The model card template is version-controlled and maintained by the Conformity Assessment Coordinator. Template changes require review to ensure continued alignment with AISDP module requirements and Annex IV expectations. Each generated model card references the template version used in its creation.
Google’s Model Cards Toolkit provides an established framework for this generation. The data that populates the card is drawn from the pipeline’s own outputs (evaluation metrics, registry metadata, configuration values), ensuring that the model card always reflects the actual model. Auto-generation eliminates the risk of model cards being written from memory weeks after training, which introduces inaccuracies. The generated model card is stored as a pipeline artefact with a ten-year retention policy.
Key outputs
- Auto-generated model card per model version
- Version-controlled template with governance review for changes
- Pipeline artefact storage with ten-year retention
- Module 5 and Module 3 AISDP evidence
Test Reports (Per Build)
Test reports covering all unit, integration, regression, fairness, and robustness tests are auto-generated as part of each CI pipeline execution. The report aggregates the results from every test category and the model validation gates into a single, navigable document.
The report should present results at two levels: a summary view showing pass/fail status per test category (suitable for the AI Governance Lead’s review), and a detailed view showing individual test results, failure messages, and metric values (suitable for the Technical SME’s investigation). The report carries a timestamp, the pipeline execution ID, the composite version identifier, and the data version used for evaluation.
The currency mechanism ensures that each auto-generated report carries a source reference linking it to the specific pipeline run that produced it. A governance dashboard should display, for each AISDP module, the date of the last auto-generated update and the date of the last human review.
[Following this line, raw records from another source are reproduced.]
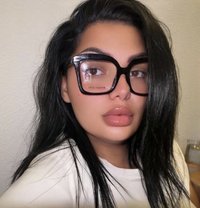 Ana - puta in Dubai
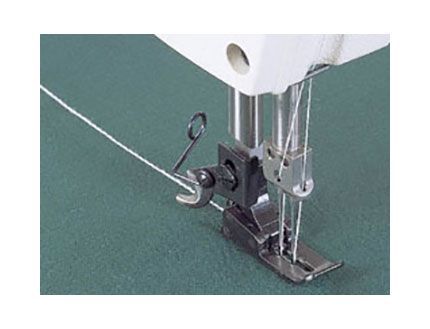 Máquina industrial para hacer cadeneta de dos agujas. Juki MH-380-FU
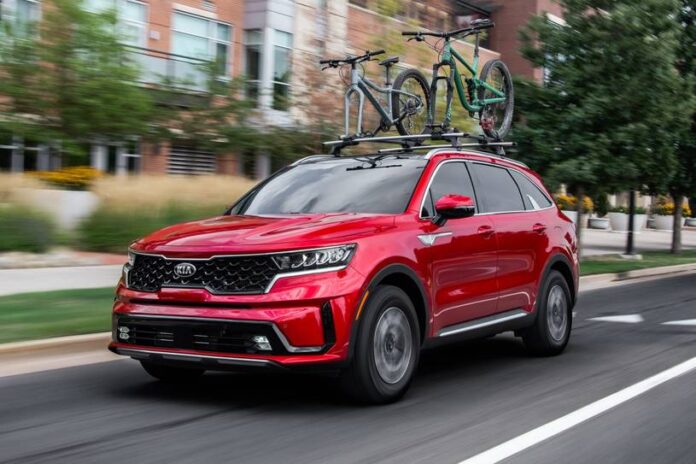 2021_kia_sorento-hybrid_4dr-suv_ex_fq_oem_6_815x543.jpg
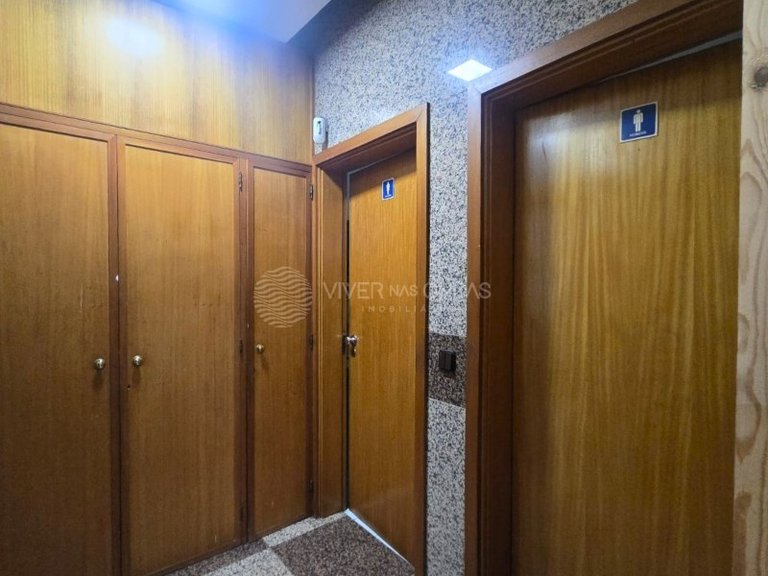 Commercial for Sale in Porto, Porto 9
Modules where the auto-generated content is newer than the last human review are flagged for attention.
Key outputs
- Auto-generated test report per pipeline execution
- Summary and detail views for different audiences
- Timestamp, pipeline execution ID, and composite version linkage
- Module 5 AISDP evidence
SBOMs (CycloneDX/SPDX, ML-Specific Components)
Software Bills of Materials (SBOMs) list all third-party dependencies with versions and licence information. For AI systems, the SBOM must extend beyond traditional software dependencies to include ML-specific components: model framework versions, pre-trained model provenance, dataset processing library versions, and any third-party model APIs or embedding services.
CycloneDX and SPDX are the two standard formats for SBOMs. The SBOM is auto-generated as part of the CI pipeline using tools such as Syft, CycloneDX CLI, or SPDX tools. The generated SBOM provides the foundation for dependency scanning and licence compliance scanning, ensuring that the vulnerability and licence assessments operate on an accurate and complete inventory.
The SBOM is retained as both Module 3 evidence (documenting the system’s technical composition) and Module 9 evidence (supporting the cybersecurity assessment). Each deployment should reference the SBOM version that corresponds to the deployed container image. Over the system’s lifecycle, the sequence of SBOMs provides a history of the system’s dependency evolution, useful for investigating supply chain incidents and for demonstrating proactive dependency management.
Key outputs
- Auto-generated SBOM per pipeline build (CycloneDX or SPDX format)
- ML-specific component inclusion (frameworks, pre-trained models, APIs)
- SBOM linkage to the deployed container image version
- Module 3 and Module 9 AISDP evidence
AISDP Section Updates
The CI pipeline should generate draft updates to the AISDP modules most affected by a model or system change. Using Jinja2 templates or equivalent templating engines, the pipeline populates draft AISDP module sections from pipeline metadata. A Module 5 draft, for instance, draws from the model registry for model architecture and training configuration, the experiment tracker for evaluation metrics, the fairness evaluation for subgroup metrics, and the deployment ledger for deployment date and version.
The draft is not the final AISDP; it is a starting point that the AI Governance Lead reviews, augments with narrative context, and approves. This review-and-augment workflow reduces the human effort from writing documentation from scratch to verifying and enriching an already-accurate draft. The generated drafts carry the pipeline execution ID and timestamp, linking them to the specific build that produced them.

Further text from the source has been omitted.